Last Saturday’s Gladiators game had an abnormal start to it. For 95% of the games, I work the home penalty box. One guy who also works most of the games is one the goal judges behind the net that the Gladiators shoot at twice. He has always been reliable in terms of showing up. Anyway, right before the puck is dropped, the referee always looks at each goal judge and they flip on the red light so he knows it’s working. As he looks to the home goal judge, we notice no one is there! The guy who is scheduled to work hadn’t called to say he couldn’t make it and since he’s been so dependable, it was assumed he was there.
Obviously, the game cannot start unless we have 2 goal judges, so our supervisor, who is in the section next to me working the scoreboard, tells me to get over there ASAP and they’d cover my position in the penalty box. I rush out of the box, skipping steps to get to the top of the concourse and then proceed to run almost halfway around the arena to get to the section where the goal judge sits. As I’m hustling down the stairs, the applause gets louder as I get closer. I’m sure most of the crowd didn’t see me run from the penalty box to get over here so I can only assume its sarcastic applause as if I were the person scheduled to work here and simply am late and am holding up the game. I’ll add that I got from the penalty box to the goal judge area in pretty damn good time.

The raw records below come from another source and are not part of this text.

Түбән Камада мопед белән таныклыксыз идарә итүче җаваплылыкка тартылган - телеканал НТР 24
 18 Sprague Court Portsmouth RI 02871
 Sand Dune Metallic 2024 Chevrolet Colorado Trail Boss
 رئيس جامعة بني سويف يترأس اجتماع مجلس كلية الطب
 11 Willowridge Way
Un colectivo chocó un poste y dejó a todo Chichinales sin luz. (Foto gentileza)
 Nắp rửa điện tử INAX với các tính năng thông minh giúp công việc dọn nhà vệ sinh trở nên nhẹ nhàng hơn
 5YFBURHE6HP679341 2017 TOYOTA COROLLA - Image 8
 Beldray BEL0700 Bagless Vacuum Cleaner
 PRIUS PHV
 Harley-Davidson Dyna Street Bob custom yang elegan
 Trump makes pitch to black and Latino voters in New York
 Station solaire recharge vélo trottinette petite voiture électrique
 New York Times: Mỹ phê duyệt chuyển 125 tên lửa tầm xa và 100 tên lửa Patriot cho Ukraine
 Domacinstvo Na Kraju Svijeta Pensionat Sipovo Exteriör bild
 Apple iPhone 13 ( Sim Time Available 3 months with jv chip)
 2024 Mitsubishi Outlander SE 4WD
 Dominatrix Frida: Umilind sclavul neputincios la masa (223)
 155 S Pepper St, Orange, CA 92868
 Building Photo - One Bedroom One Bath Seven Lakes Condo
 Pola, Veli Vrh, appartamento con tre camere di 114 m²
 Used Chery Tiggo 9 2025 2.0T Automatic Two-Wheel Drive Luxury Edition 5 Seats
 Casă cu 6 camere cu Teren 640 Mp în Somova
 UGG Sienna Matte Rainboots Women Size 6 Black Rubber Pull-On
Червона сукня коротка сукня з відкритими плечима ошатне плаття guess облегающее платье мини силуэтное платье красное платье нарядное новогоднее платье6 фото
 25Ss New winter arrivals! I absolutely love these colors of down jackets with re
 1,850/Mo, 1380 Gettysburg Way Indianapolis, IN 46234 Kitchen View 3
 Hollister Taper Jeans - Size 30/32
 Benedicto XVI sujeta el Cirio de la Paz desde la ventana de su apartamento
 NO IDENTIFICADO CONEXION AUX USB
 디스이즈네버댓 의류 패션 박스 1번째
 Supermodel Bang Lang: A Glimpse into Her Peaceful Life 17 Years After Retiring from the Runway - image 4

I did work half the first period there until they got a replacement so I could get back to the box. There was one amusing chant from a fan. A guy yelled “Spread some Christmas Cheer. Punch him in the ear!” as the players got into a scrum after the whistle was blown. One thing about being a goal judge at the Gladiators games is that, unlike NHL arenas, you’re not surrounded in a glass enclosure. You’re exposed to the crowd and when there are belligerent drunks or loud-mouthed idiots in your general direction, you get to hear the “best” of their drunken/ignorant wisdom firsthand. One of the few games I worked as goal judge I had to listen to this idiotic woman state at least 30 times during the game how the team needed to “get more sogs”. She was referring to the display on the scoreboard which shows the team’s Shots On Goal, abbreviated as SOG. She, of course, read the acronym as a real word.
Getting back to the game, the referee who worked that night is neither a fan nor a player favorite. The games he’s worked this year he’s wound up pissing off both teams immensely with his calls. Anyway, after a series of questionable calls, he calls one on Blue Bennefield, the team’s goon. Keep in mind Blue was on the Gladiators roster in their first season and he and I spent a lot of time together in the box. He steps into the box, fuming from the call, and does a sideways slap/push on my right shoulder and says “What the FUCK was THAT call about?” Anyone looking into the box not knowing that we talk to each other would have thought he was also pissed at me and wanted to start a fight.
The ref was really hearing it from both teams and you could see it was starting to wear on him a little bit. Obviously you have to have a thick skin as a referee. For those of you not well-versed in hockey, when a penalty is called the referee skates up to center ice where the penalty timekeeper is (to the left of me in the penalty box) and makes the signal for what penalty he’s calling. In the NHL the past 2 years, they’ve also equipped the refs with a microphone so the penalty is audible to the crowd and to the television audience. Obviously in the minor leagues the refs aren’t outfitted with this but for one penalty later in the game he skated up to the booth, pretended to turn on his mic, and then said what the penalty was and followed it by pretending to turn off his non-existent mic. He had officially skated into Loony Land and never came back.
Speaking of referees, last Saturday’s Hockey Night In Canada on CBC (Canadian Broadcasting Corporation) game was in Toronto and they were honoring a referee’s 1000th game (Paul Devorski). His family was on the carpeted part of the ice and when the ceremony ended, they proceeded to walk back. Somehow, his mother put her foot on the ice and not the carpet and fell on the ice pretty hard. You could hear the “ooooohhhhh” of the crowd. Thankfully she was OK but I give CBC credit for immediately switching camera shots so as not to show his mother on the ice as others helped her up.